Work request = Your answer must be the exact lines of the listing below that run from the line with "3rd image of 3859 W 115th St #1" to the line with "Szétszedte az internet", ends included, and no pictures.

Working data =
________

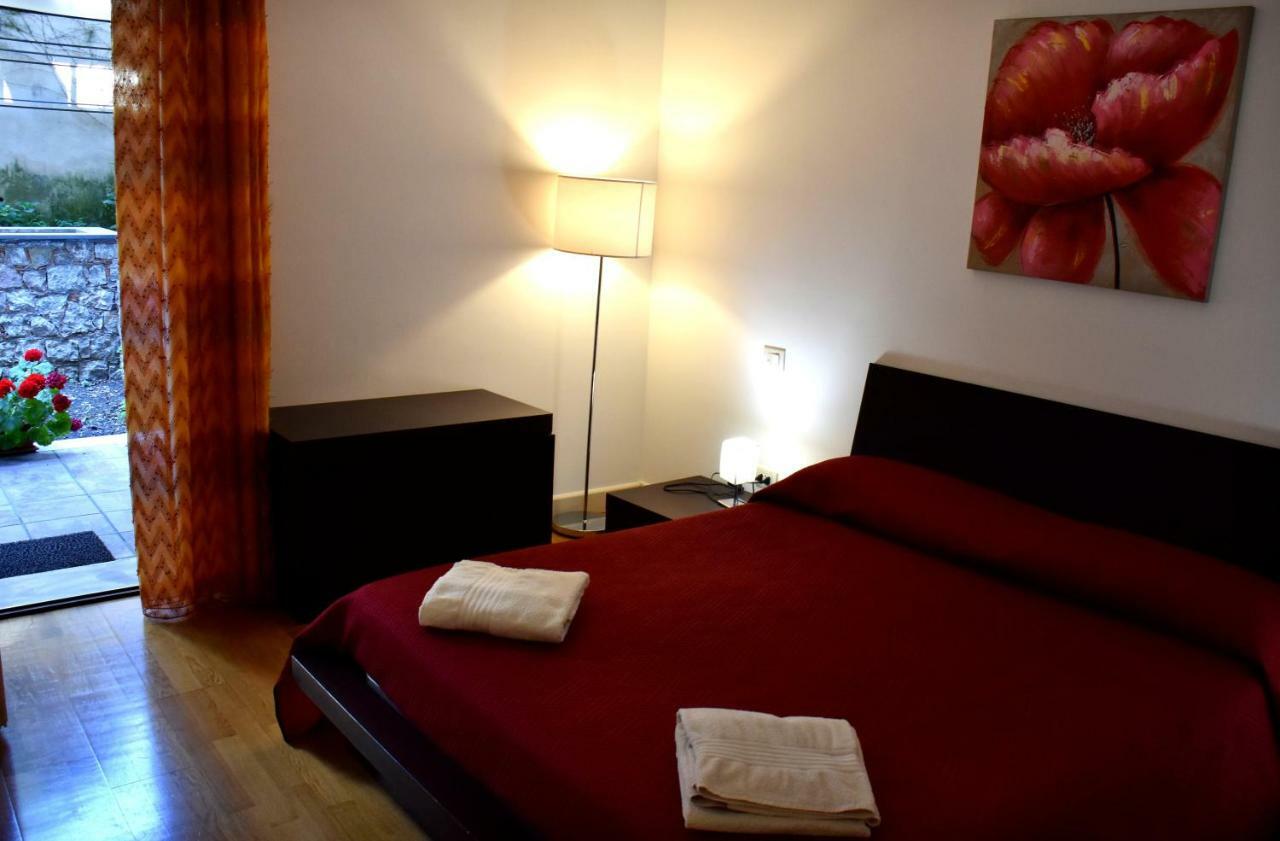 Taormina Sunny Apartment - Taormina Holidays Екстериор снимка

________

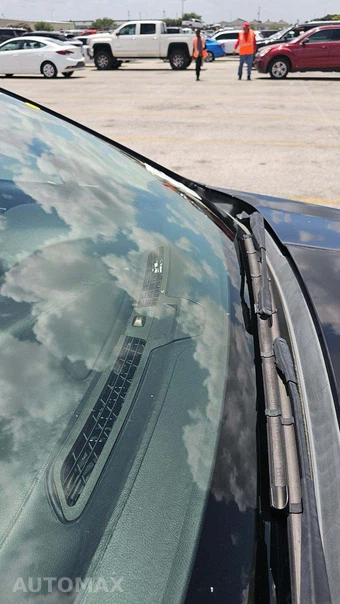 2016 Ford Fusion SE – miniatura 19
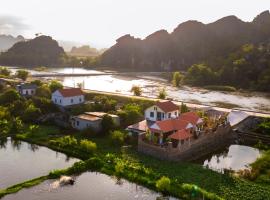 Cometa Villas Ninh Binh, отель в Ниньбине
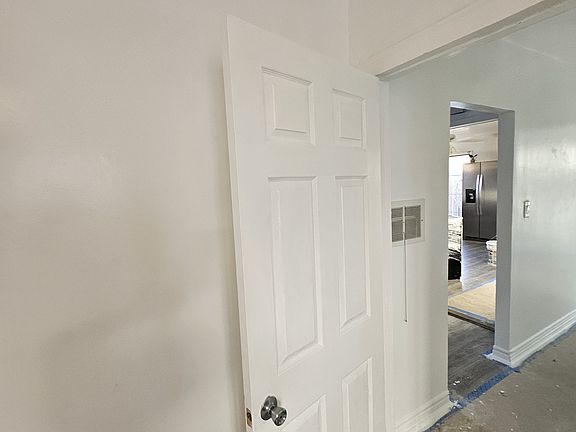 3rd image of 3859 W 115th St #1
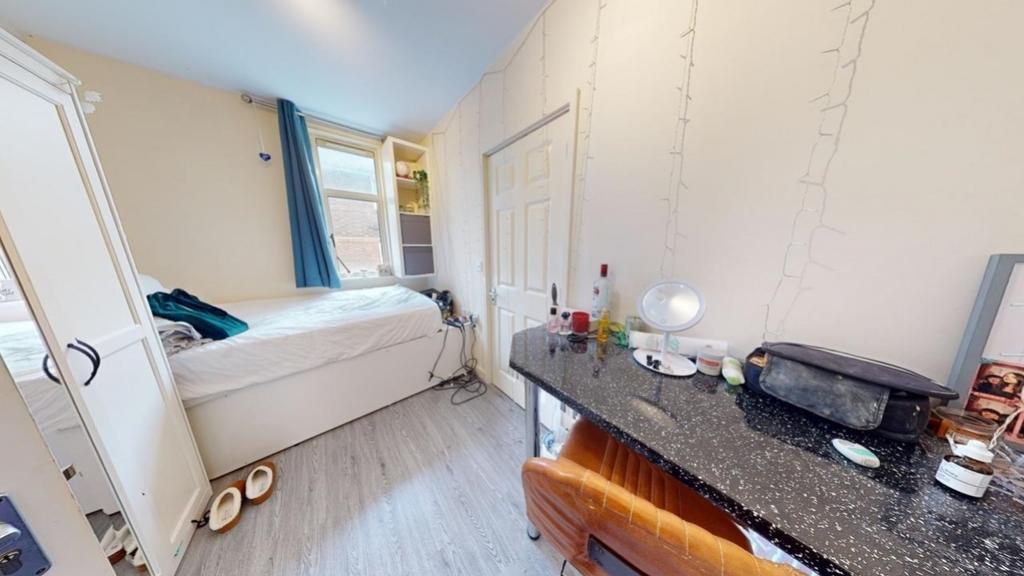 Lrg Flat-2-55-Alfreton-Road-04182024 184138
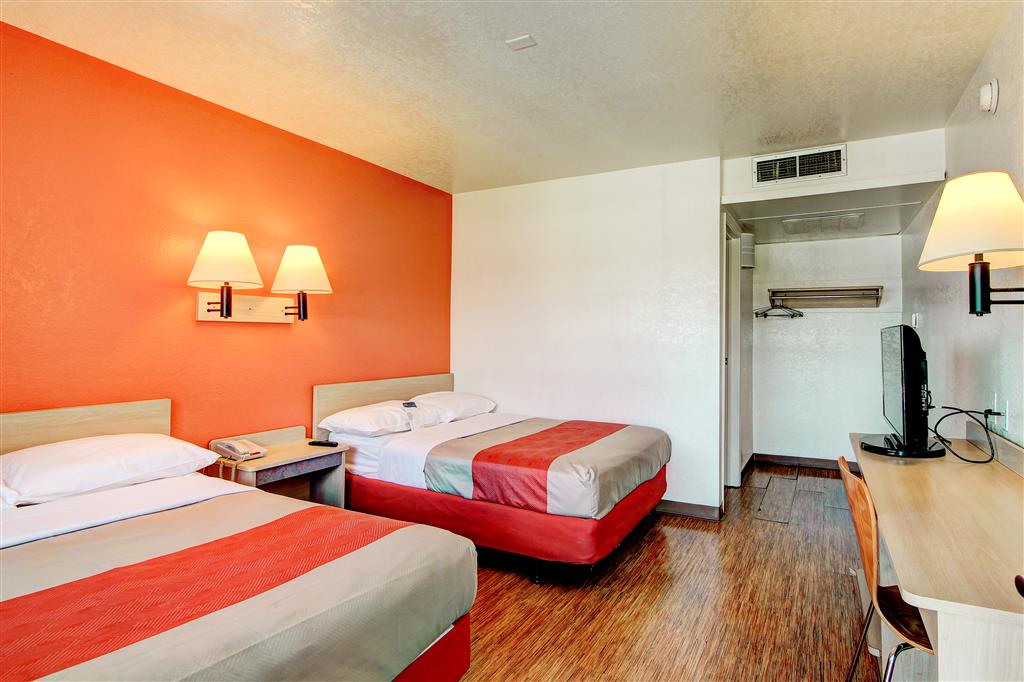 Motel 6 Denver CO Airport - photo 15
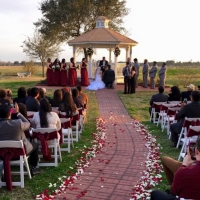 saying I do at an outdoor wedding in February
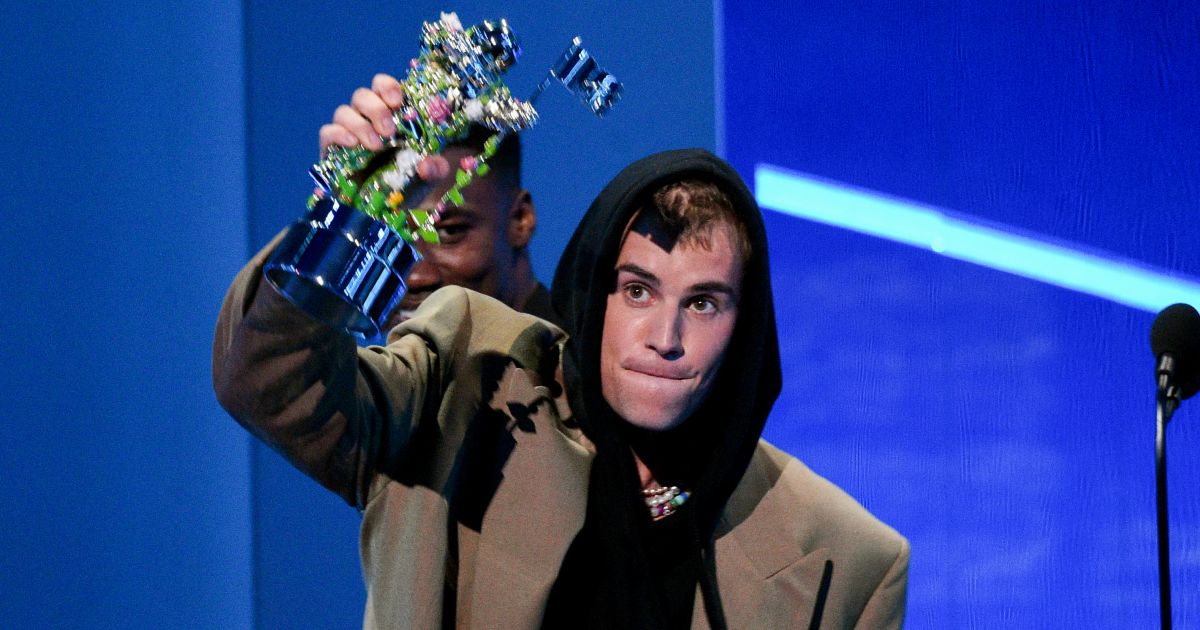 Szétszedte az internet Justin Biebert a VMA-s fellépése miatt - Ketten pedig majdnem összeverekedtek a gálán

________

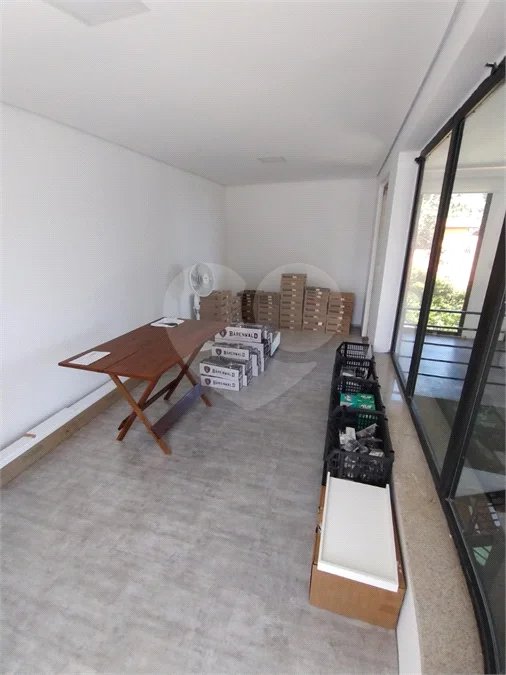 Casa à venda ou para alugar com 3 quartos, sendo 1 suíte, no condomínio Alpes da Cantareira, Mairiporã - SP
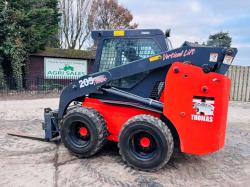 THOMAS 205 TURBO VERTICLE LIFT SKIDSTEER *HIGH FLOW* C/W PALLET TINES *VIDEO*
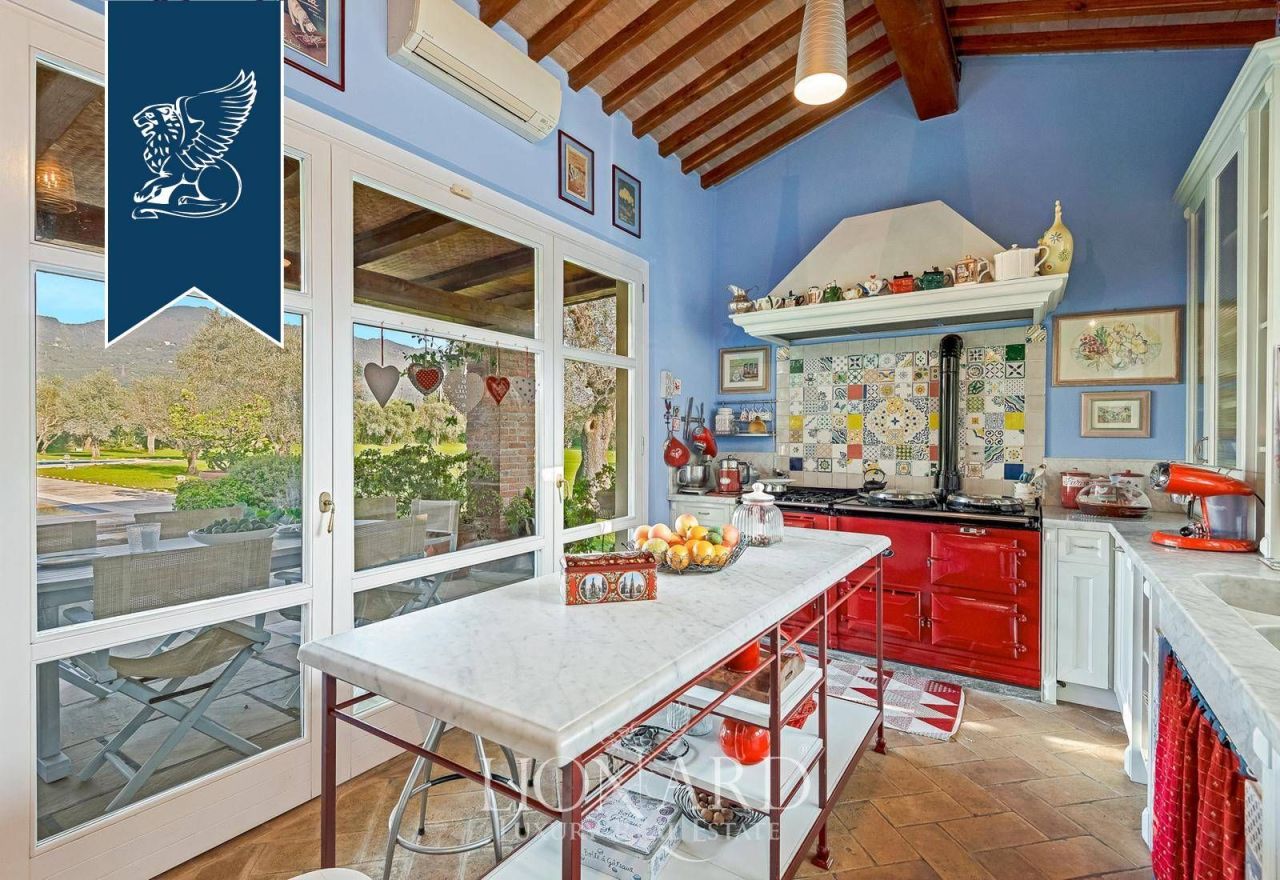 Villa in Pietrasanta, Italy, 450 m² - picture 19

________

Answer section =
 3rd image of 3859 W 115th St #1
 Lrg Flat-2-55-Alfreton-Road-04182024 184138
 Motel 6 Denver CO Airport - photo 15
 saying I do at an outdoor wedding in February
 Szétszedte az internet Justin Biebert a VMA-s fellépése miatt - Ketten pedig majdnem összeverekedtek a gálán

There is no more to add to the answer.